═════ EXTRACTED MATERIAL
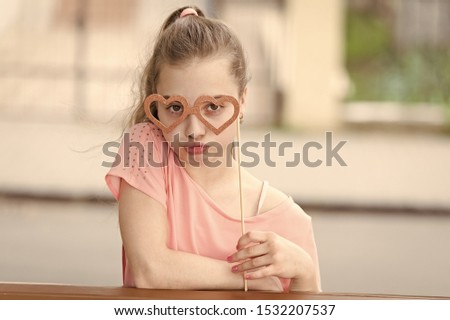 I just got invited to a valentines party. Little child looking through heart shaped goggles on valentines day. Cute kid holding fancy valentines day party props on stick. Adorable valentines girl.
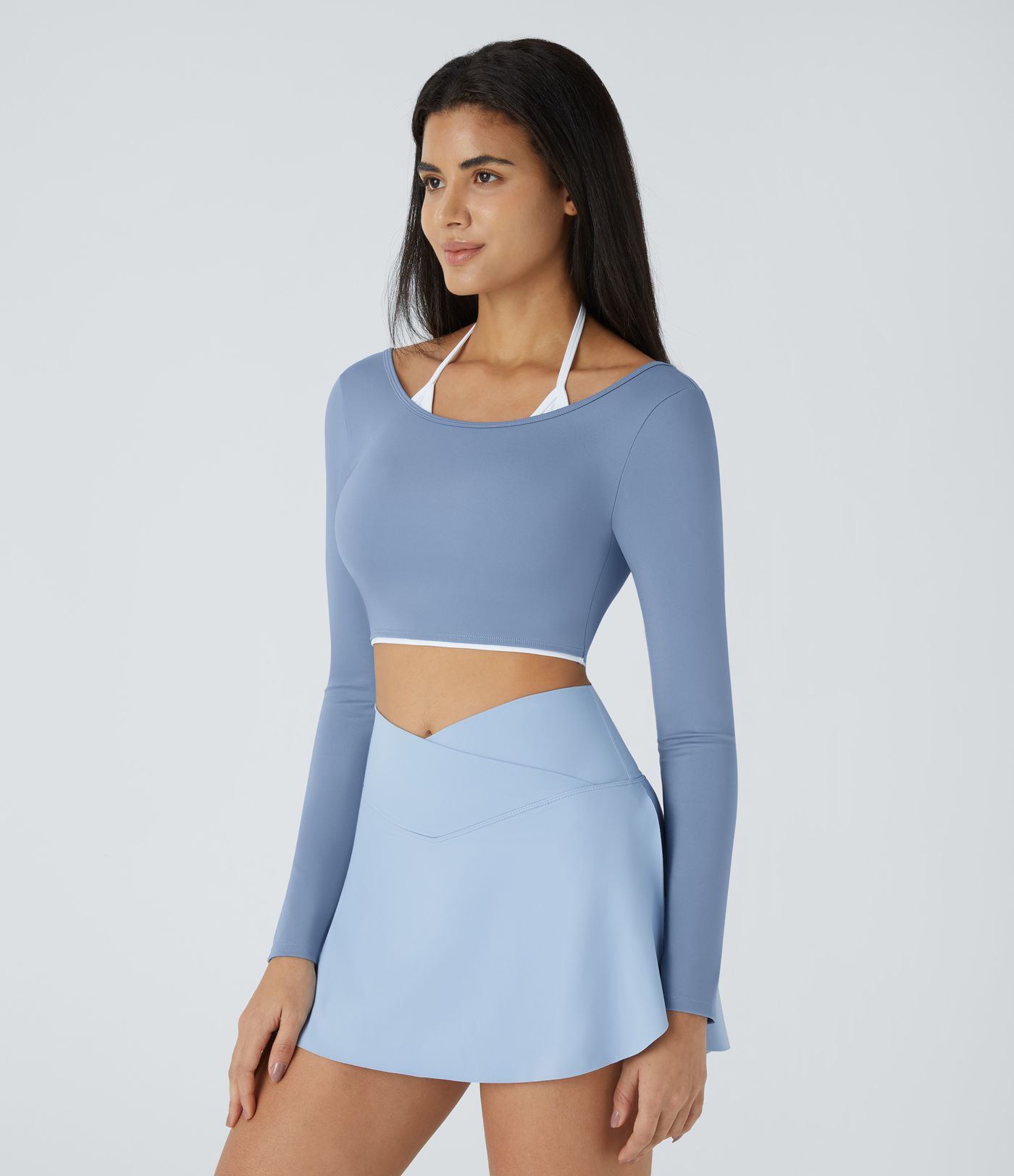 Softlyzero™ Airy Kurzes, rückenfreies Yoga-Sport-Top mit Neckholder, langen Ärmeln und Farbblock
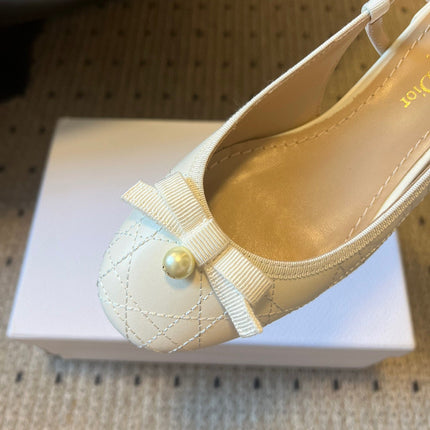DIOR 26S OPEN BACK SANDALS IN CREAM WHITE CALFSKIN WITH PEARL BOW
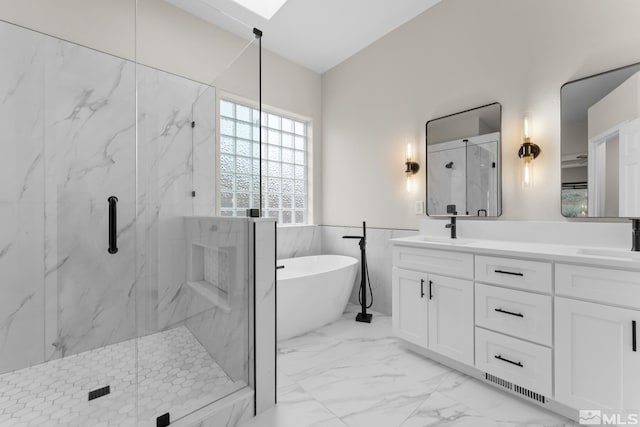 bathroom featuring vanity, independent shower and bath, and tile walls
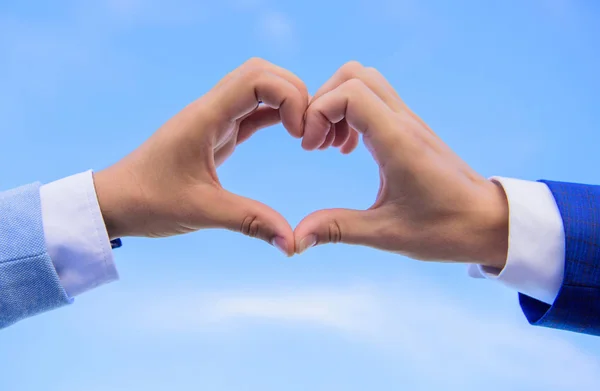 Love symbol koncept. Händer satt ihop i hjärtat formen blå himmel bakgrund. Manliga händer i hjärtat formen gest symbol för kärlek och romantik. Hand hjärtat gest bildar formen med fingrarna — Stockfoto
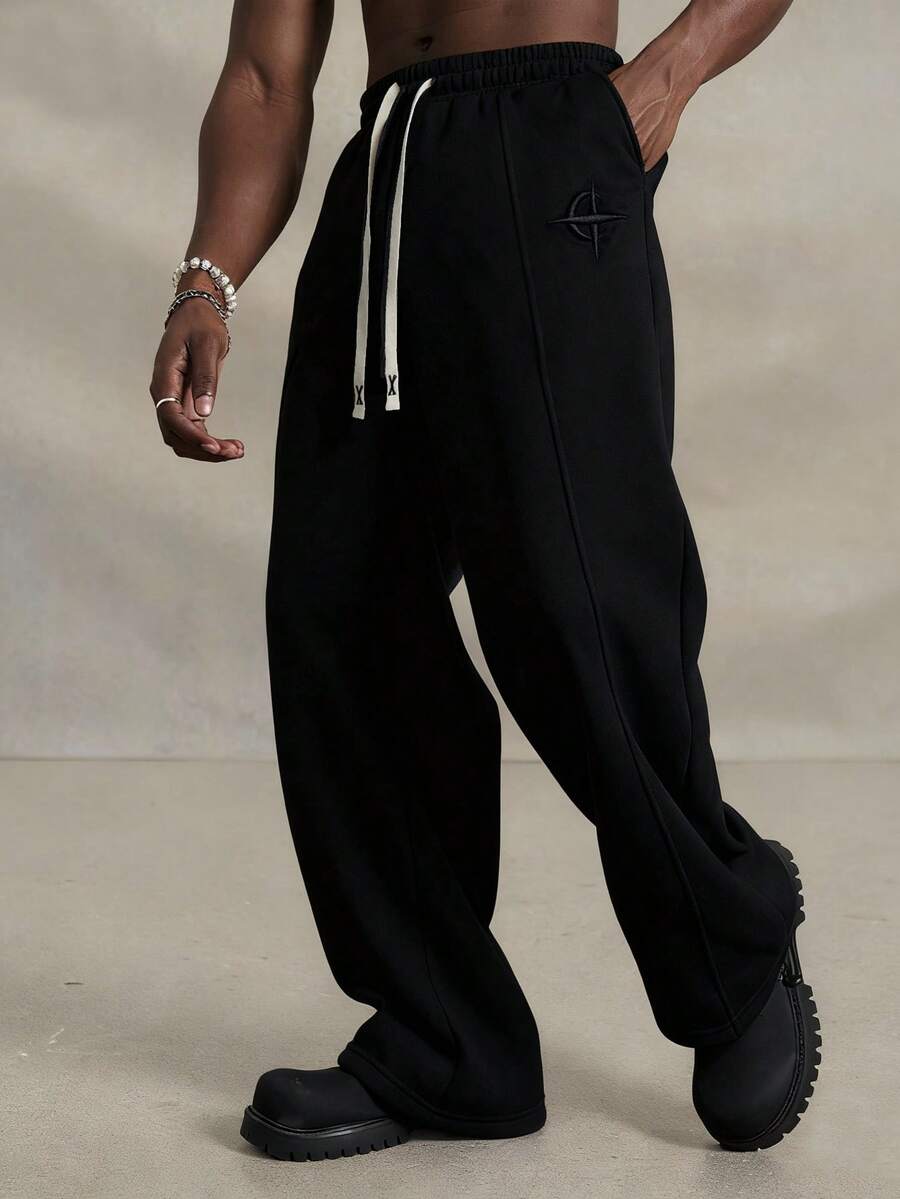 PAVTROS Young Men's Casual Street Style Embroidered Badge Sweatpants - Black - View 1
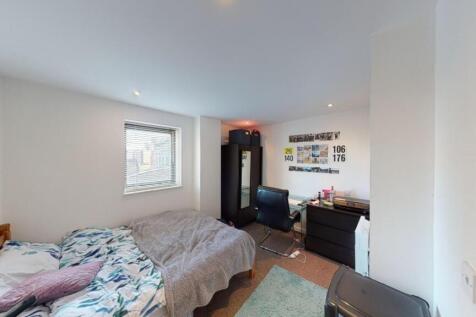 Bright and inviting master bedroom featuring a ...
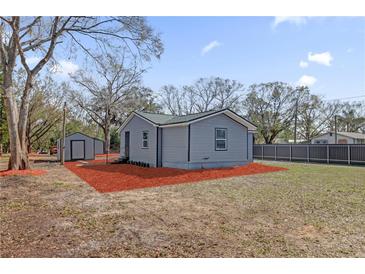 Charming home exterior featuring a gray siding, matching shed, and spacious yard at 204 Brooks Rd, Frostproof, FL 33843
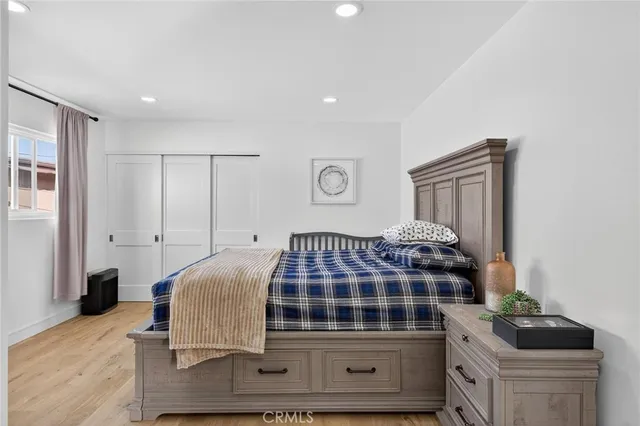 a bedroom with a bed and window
══════════
#### TO DO:
Print, with pictures removed, exactly the lines of the records above from the top through the line containing "Bright and inviting".

#### EXERCISE RESPONSE:
 I just got invited to a valentines party. Little child looking through heart shaped goggles on valentines day. Cute kid holding fancy valentines day party props on stick. Adorable valentines girl.
 Softlyzero™ Airy Kurzes, rückenfreies Yoga-Sport-Top mit Neckholder, langen Ärmeln und Farbblock
DIOR 26S OPEN BACK SANDALS IN CREAM WHITE CALFSKIN WITH PEARL BOW
 bathroom featuring vanity, independent shower and bath, and tile walls
 Love symbol koncept. Händer satt ihop i hjärtat formen blå himmel bakgrund. Manliga händer i hjärtat formen gest symbol för kärlek och romantik. Hand hjärtat gest bildar formen med fingrarna — Stockfoto
 PAVTROS Young Men's Casual Street Style Embroidered Badge Sweatpants - Black - View 1
 Bright and inviting master bedroom featuring a ...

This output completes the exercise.